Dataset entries

= = = = = = =

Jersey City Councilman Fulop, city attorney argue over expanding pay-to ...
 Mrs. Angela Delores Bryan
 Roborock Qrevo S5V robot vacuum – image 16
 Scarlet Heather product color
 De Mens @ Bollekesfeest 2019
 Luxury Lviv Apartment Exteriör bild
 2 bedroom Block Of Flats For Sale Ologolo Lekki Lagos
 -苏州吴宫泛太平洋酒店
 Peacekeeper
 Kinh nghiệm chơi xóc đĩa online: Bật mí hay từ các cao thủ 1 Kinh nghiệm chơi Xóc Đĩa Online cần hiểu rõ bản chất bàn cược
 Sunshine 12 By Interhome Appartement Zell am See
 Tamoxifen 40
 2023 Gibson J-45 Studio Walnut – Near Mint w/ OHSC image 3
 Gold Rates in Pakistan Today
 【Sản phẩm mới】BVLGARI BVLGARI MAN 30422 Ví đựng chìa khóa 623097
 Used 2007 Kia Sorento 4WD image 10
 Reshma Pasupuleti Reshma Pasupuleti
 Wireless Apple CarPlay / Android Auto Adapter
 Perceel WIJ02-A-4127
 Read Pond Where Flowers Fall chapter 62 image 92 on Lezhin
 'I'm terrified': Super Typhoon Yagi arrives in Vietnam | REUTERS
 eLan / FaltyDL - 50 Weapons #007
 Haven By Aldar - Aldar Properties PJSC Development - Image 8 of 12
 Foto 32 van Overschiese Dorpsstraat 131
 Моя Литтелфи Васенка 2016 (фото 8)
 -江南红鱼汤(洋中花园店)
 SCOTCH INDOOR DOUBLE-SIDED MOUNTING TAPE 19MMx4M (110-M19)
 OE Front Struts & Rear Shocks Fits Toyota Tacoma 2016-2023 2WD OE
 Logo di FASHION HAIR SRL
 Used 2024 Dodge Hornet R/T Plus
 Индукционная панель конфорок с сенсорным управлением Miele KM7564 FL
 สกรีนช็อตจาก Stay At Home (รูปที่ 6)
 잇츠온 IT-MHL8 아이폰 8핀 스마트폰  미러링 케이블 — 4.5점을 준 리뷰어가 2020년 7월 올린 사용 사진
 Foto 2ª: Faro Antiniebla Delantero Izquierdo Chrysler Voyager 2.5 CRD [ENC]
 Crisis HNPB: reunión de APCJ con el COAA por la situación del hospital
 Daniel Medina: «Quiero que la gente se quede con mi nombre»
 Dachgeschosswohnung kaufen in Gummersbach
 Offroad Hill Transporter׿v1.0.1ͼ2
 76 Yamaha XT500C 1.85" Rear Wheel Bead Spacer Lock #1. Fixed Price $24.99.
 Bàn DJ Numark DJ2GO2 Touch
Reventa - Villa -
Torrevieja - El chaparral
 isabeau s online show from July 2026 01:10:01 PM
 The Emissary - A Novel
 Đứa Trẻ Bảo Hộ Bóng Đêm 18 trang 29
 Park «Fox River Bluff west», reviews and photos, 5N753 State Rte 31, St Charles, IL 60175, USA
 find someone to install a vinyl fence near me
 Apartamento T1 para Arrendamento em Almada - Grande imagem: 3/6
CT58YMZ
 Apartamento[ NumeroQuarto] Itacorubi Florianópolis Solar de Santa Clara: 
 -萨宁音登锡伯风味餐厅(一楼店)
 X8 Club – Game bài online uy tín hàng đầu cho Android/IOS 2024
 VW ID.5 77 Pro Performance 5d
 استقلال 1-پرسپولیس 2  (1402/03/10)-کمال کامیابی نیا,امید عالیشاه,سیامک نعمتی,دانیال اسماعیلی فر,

= = = = = = =

ACTIVITY: Provide the number of lines in the records above that contain the word "Android", with no additional words.

YOUR SOLUTION: 2